Efficiency Analysis. To comprehensively evaluate the computational efficiency of our proposed MLP-MFF, we compare it with various state-of-the-art learning-based MFF methods in terms of model size, computational complexity (FLOPs), and inference time. Note that all FLOPs are calculated on
input images to ensure fair comparison, and the inference time is measured as the average processing time per image on the MFI-WHU dataset [
41]. As shown in
Table 4, MLP-MFF demonstrates remarkable efficiency advantages across multiple dimensions. In terms of computational complexity, MLP-MFF achieves the lowest FLOPs (0.52G) among all compared methods, representing an 83.12% reduction compared to the previous most efficient method (MFF-GAN with 3.08G FLOPs). Regarding inference speed, MLP-MFF achieves the fastest inference time (0.01s), which is 83.33% faster than the previous fastest method (MFF-GAN with 0.06s). While MLP-MFF’s model size (1.23M) is not the smallest among all methods, it remains highly competitive, especially when considering its superior fusion performance demonstrated in
Table 1. The model size is significantly smaller than recent Transformer-based methods such as SwinMFF (41.25M), making it more practical for deployment in resource-constrained environments. The results demonstrate that MLP-MFF successfully achieves an optimal balance between computational efficiency and fusion performance, making it a practical solution for real-world applications.
4.7. Ablation Study
To validate the effectiveness of our proposed DAMFFM-HA module, we conducted an ablation study on the Lytro dataset, with results presented in
Table 5. As observed, when the DAMFFM-HA module is removed and the pixel-wise dot product is directly used as the fusion scheme, the model experiences a performance decline across various metrics. Conversely, incorporating DAMFFM-HA leads to a significant improvement in all metrics, demonstrating the module’s substantial role in enhancing the fused image’s edge information, structural similarity, and visual information fidelity.
Additionally, we compared the performance of different backbone network architectures for end-to-end MFF. This comparison included UniRepLKNet [
80], representing one of the most advanced CNN networks; Swin Transformer [
22], representing Transformer-based networks; EVMamba [
81], representing vision state space-based networks; and MAXIM [
59], another widely used MLP architecture. The results, shown in
Table 6, reveal that MLP-MFF, which employs PFMLP as its backbone, achieves optimal results on most metrics compared to other mainstream architectures. This further validates the effectiveness and superiority of PFMLP in MFF tasks.

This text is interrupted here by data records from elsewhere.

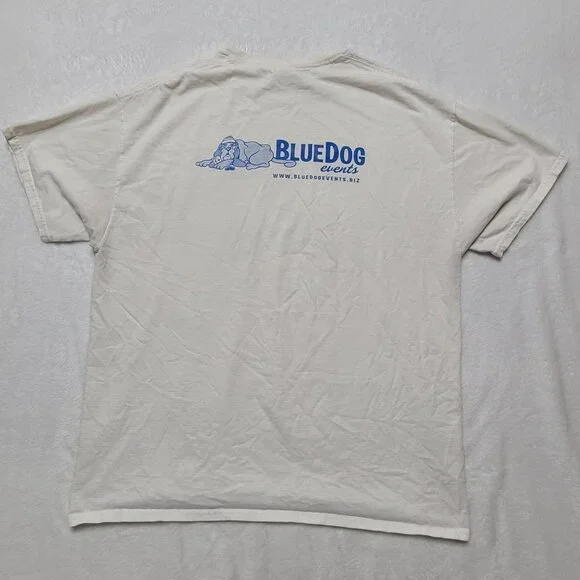 Tournament Champion BlueDog Events CA T-Shirt White XL Poker Distressed - Picture 9 of 9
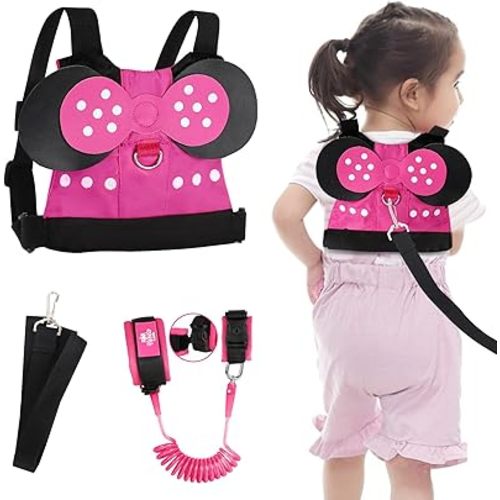 Lehoo Castle Toddlers Leash for Walking + Key Lock Design Anti Lost Wrist Link, 3 in 1 Baby Leash Kids Wrist Link for Toddlers, Safety Harness Belt Strap Wristband (Pink Minnie Toddler Leash)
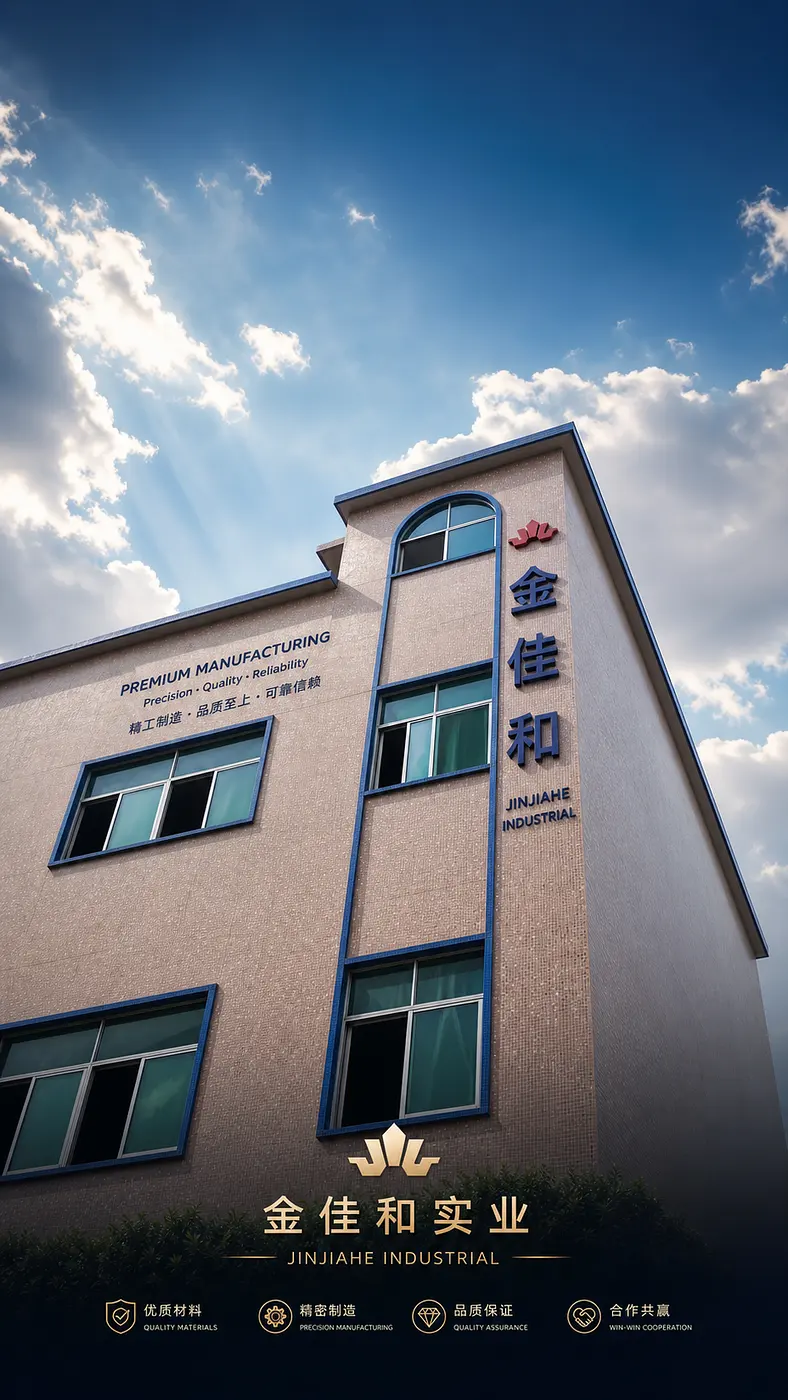 改成高端电商工厂封面，中英文结合，把电线去掉，金佳和展示。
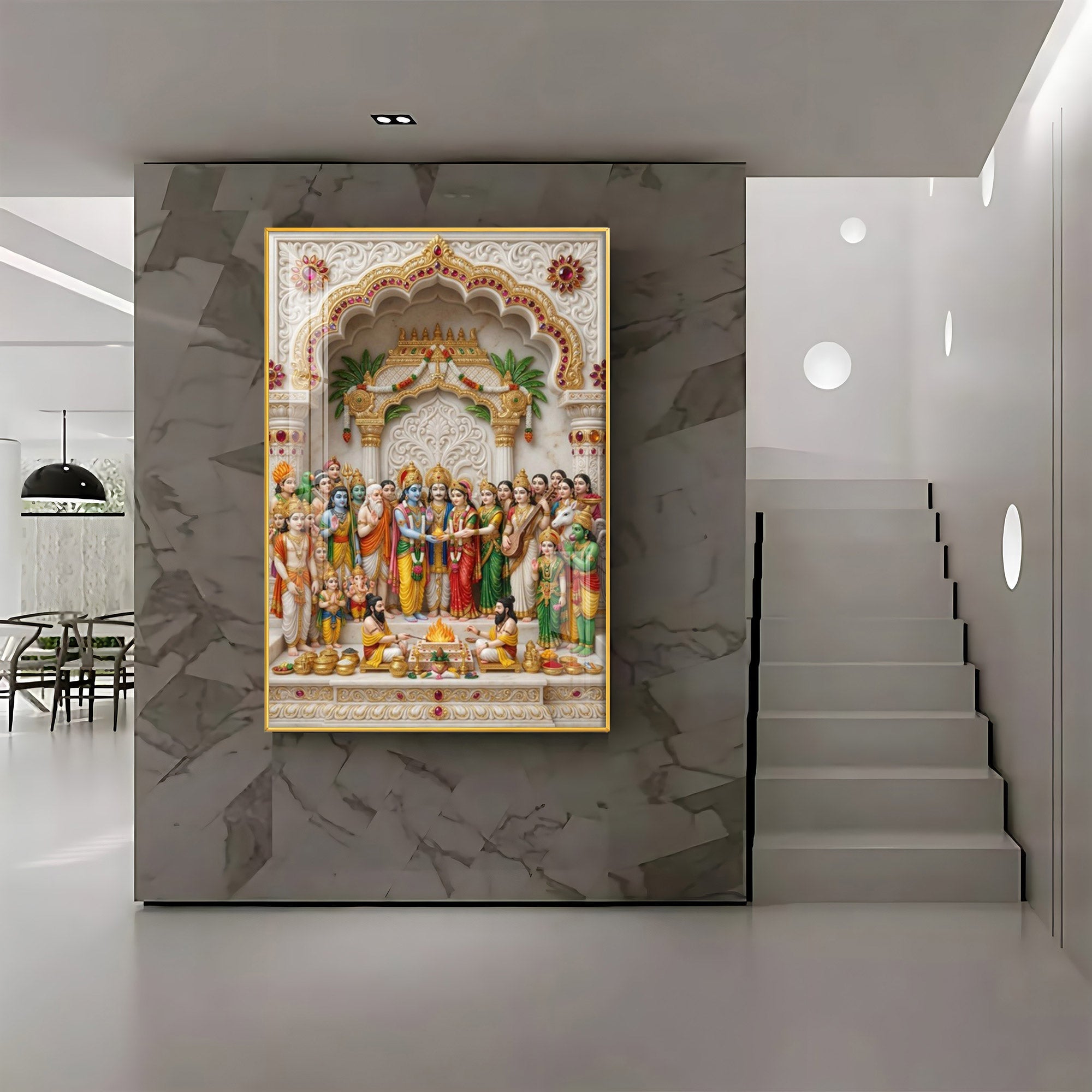 Divine Srinivasa Kalyanam Premium Acrylic Vertical Wall Art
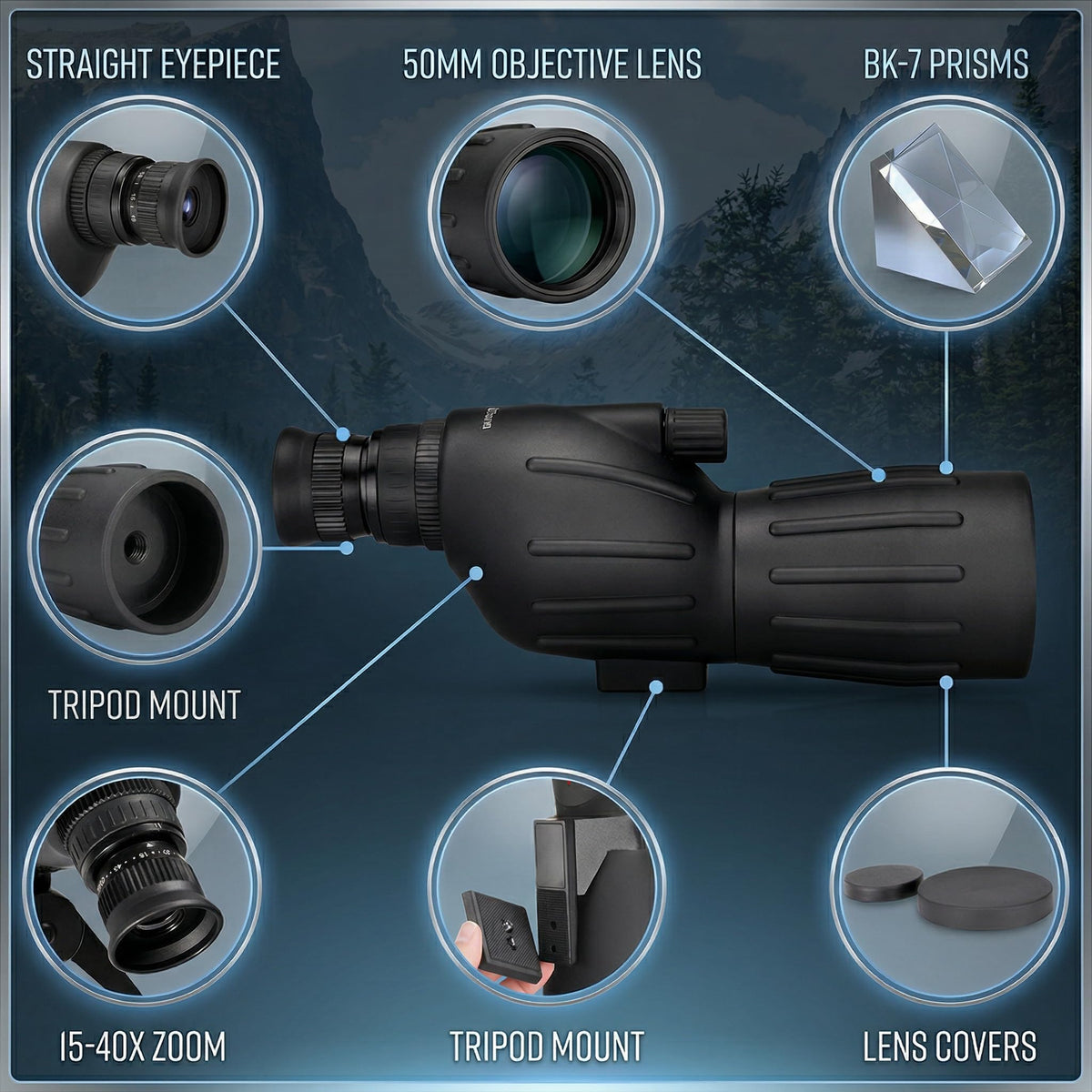 360 TACTICAL Portable Spotting Scope 15X-40X50 Grooved, Retractable Lens Hood Adult Telescope for Hiking Traveling and Viewing for Adult Bird Watch w/Mini Tripod-Clam Package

To further address the architectural design choices, particularly the number of blocks within each stage, we conducted a comparison with various configurations from the original PFMLP paper. This approach, as adopted by the original PFMLP work, is a more common and effective method to analyze the influence of network depth than varying the number of stages. As shown in
Table 7, we compare our model (“PFMLP-Ours”) with four versions of the PFMLP backbone: PFMLP-N, PFMLP-T, PFMLP-S, and PFMLP-B. The results indicate that while increasing the number of blocks (from N to T, S, and B) leads to a marginal improvement in fusion results, this gain comes with a significant increase in model size (Params) and computational cost (FLOPs). For instance, the PFMLP-B model achieves the highest scores but with a substantial increase in complexity. Our model, which utilizes a single block per stage, achieves a satisfactory balance between performance and efficiency, demonstrating the rationality of our architectural choice.
In summary, the ablation experiments conclusively demonstrate the significant contribution of both the proposed DAMFFM-HA module and the PFMLP backbone network in enhancing MFF performance.